Predictive Modeling and Data Science are two terms one would only expect to find in academic papers and debates. However, they are currently the buzzwords of the business world as large corporations and businesses use these tools to make economic predictions, based on which they make informed decisions.
A great example of how Data Science and Predictive Modelling can help a business make better decisions comes from Amazon. They use these tools to predict financial performance, product demand, and the type of resources required, and the result is easy to see as Amazon continues to be one of the giants of the e-commerce industry.
But there are other examples that speak of the power of accurate data and well-designed analytics tools. Let’s take the Airbnb Aerosolve model designed to help listers choose the best rate for their rental. This system uses a wide range of factors collected from the field (seasonality, amenities, location, and more) and compiles the results using data analysis algorithms and machine learning technology.
Moreover, both these examples could end up having a lot more applications once the world opens up to the idea of predictive modeling and data analysis. In short, it is safe to say that the use of these technologies won’t die down in the future, but it’s important to understand their effects and implications.
Easy Access for All Businesses
The good news is that businesses can collaborate with a data science consulting service in order to get a predictive analysis of their practices and models. This opens the door to all types of businesses, of all sizes since it’s a lot cheaper to outsource the service than hire an entire team or purchase a BI platform.
As a result, we should notice an increase in data-informed decisions and more products that follow customers’ preferences. Moreover, highly scientific tools will be made into more user-friendly platforms, to increase access from all types of industries and walks of life.
Less Guess Work
Without access to proper data and analytics tools, everyone involved in the business process has to put their intuition to the test, at some point.
Let’s consider the departments of marketing and sales. In marketing, specialists must first identify their ideal customer persona and then seek ways to understand their wishes and desires. Once marketers think they have an idea of the type of products and services a customer might want, salespeople get to work and try to convince real people of the benefits of becoming customers.
Without access to data collected from the field, the activities mentioned above require a lot of guesswork even when performed by highly-trained specialists.
Given the high rate of success when using Data Science and Predictive Modeling in combination with other high-tech tools such as AI and ML, it would be easy to expect more out of the business world.
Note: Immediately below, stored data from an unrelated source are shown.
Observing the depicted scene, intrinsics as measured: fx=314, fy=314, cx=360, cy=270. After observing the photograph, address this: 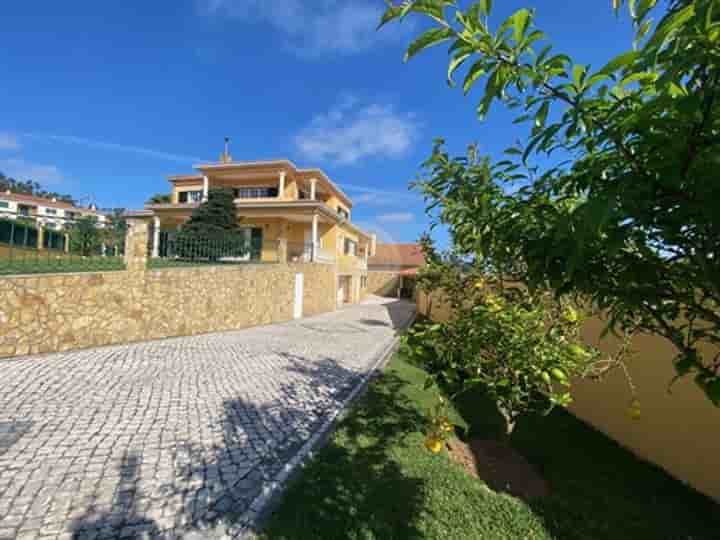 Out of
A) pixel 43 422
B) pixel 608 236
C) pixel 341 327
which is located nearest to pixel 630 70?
pixel 608 236

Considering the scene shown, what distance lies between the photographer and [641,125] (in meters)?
0.90

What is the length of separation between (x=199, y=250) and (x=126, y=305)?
3.12m

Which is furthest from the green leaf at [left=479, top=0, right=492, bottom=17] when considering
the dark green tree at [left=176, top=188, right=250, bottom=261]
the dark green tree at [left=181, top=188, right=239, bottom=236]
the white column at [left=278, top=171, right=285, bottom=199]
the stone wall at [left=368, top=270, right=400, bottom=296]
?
the stone wall at [left=368, top=270, right=400, bottom=296]

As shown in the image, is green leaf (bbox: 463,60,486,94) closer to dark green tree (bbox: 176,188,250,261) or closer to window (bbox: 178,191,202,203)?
dark green tree (bbox: 176,188,250,261)

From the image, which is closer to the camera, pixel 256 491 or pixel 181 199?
pixel 256 491

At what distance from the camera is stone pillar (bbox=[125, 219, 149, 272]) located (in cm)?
800

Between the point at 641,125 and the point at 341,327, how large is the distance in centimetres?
1313

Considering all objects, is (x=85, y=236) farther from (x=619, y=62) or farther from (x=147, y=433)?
(x=619, y=62)

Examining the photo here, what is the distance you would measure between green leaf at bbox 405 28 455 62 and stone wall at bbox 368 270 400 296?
34.9 metres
However, there are a few issues that can bring development and growth to a halt if not considered.
The term data and even Big Data is as general as they come. Moreover, the content of a data set is different from project to project and it’s difficult to perceive by the untrained human mind. Still, even if you’re not a Data Scientist, you should know that the results of predictive analysis are as accurate as the quality of the data used.
For instance, high-quality data needs to be consistent in its format and must reflect a real-world scenario in order to be usable.
Data quality can be influenced by the collection methods and the storage methods. Therefore, without proper data management solutions that allow the processing of humungous amounts of data from a wide range of collection channels, you can’t get useful results in the next steps of the analysis process.
In summary, data collection and processing is a practice that won’t go away anytime soon. However, users also need to understand that these tools aren’t magical and can’t work unless the proper procedures are followed.